Quantitative Detection of Promoter Hypermethylation of Multiple Genes in the Tumor, Urine, and Serum DNA of Patients with Renal Cancer

Approximately 30,000 new cases of renal cancer are reported each year in the United States, with ∼12,000 individuals dying annually from this disease (1). Identification of patients with organ-confined renal carcinoma may be of importance for long-term disease-free survival after radical or partial nephrectomy (2). The specific clinical signs and symptoms of malignant renal disease are not usually helpful in making an early diagnosis. The classic triad of pain, hematuria, and a palpable flank mass is encountered in only 10% of patients and is usually associated with the presence of advanced disease (3). Unlike other solid malignancies in which established serum or urinary biomarkers are available for early detection, relatively few diagnostic tools are available for the early detection of renal tumors. Although the increased use of radiographic imaging modalities, such as computed tomography and ultrasound, has aided in disease diagnosis, an ideal tumor marker with high sensitivity and specificity offers the ideal opportunity for early detection of renal carcinoma.

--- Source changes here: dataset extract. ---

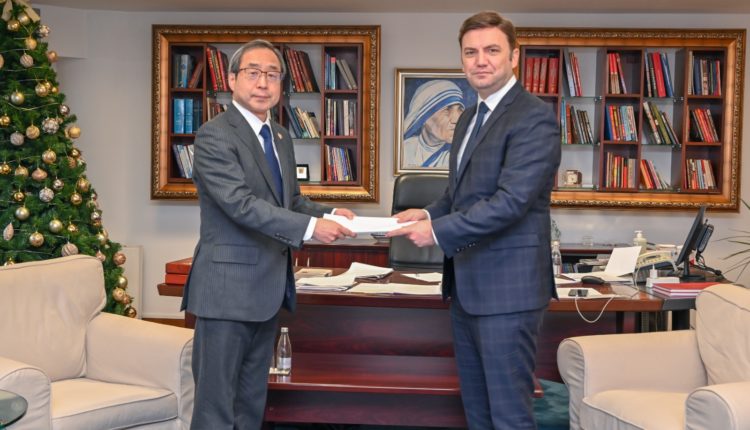 Osmani zhvillon takim me ambasadorin e ri të Japonisë Ocuka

Epigenetic alterations, including changes in the status of DNA methylation, are one of the most common molecular alterations in human neoplasia (3, 4, 5, 6, 7), including renal cancer (8, 9, 10, 11, 12, 13). Cytosine methylation occurs after DNA synthesis by enzymatic transfer of a methyl group from the methyl donor S-adenosylmethionine to the carbon-5 position of cytosine. Cytosines are methylated in the human genome almost exclusively when located 5′ to a guanosine. Regions with a high G:C content (so-called CpG islands) are mostly unmethylated in normal tissue but may be methylated to varying degrees in human cancers, thus representing tumor-specific alterations (14, 15). The presence of abnormally high DNA concentrations in the serum and urine of patients with various malignant diseases has been confirmed during the past decade (16, 17, 18). Some studies recently have reported DNA in the serum and urine of renal cancer patients at diagnosis (19, 20). We have reported the presence of methylated DNA in the bodily fluids of patients with various types of malignancies and the absence of methylated DNA in normal control patients (21, 22, 23). To date, most studies detecting hypermethylation rely on conventional methylation-specific PCR (MSP), a sensitive but not quantitative assay. The major advantage of using quantitative methylation-specific PCR (QMSP) is based on the ability to define a cutoff point between cancer and control groups.

We evaluated the diagnostic potential of DNA methylation-based markers in pretherapeutic urine and serum DNA from renal cancer patients. Using QMSP, we analyzed the promoter hypermethylation pattern of 9 cancer-related genes in 17 renal cell carcinomas with matched urine and serum DNA. Nine additional (total, 26 urine sediments) urine sediments and 1 serum sample (total, 18 serum samples) from renal cancer patients without matched tumor tissue also were examined. Ninety-one urine samples from patients without genitourinary cancer and 30 serum samples from patients without cancer served as controls.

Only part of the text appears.